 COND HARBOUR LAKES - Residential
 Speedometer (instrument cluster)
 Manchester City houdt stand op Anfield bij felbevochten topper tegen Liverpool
* * *
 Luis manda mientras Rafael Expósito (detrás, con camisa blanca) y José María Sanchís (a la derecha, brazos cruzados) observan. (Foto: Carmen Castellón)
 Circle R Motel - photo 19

# Exercise requirements
Every line from the line containing "COND HARBOUR LAKES - Residential" through the line containing "Manchester City houdt" in the records above must be retyped exactly. Leave out the rest.

# Result for this task
 COND HARBOUR LAKES - Residential
 Speedometer (instrument cluster)
 Manchester City houdt stand op Anfield bij felbevochten topper tegen Liverpool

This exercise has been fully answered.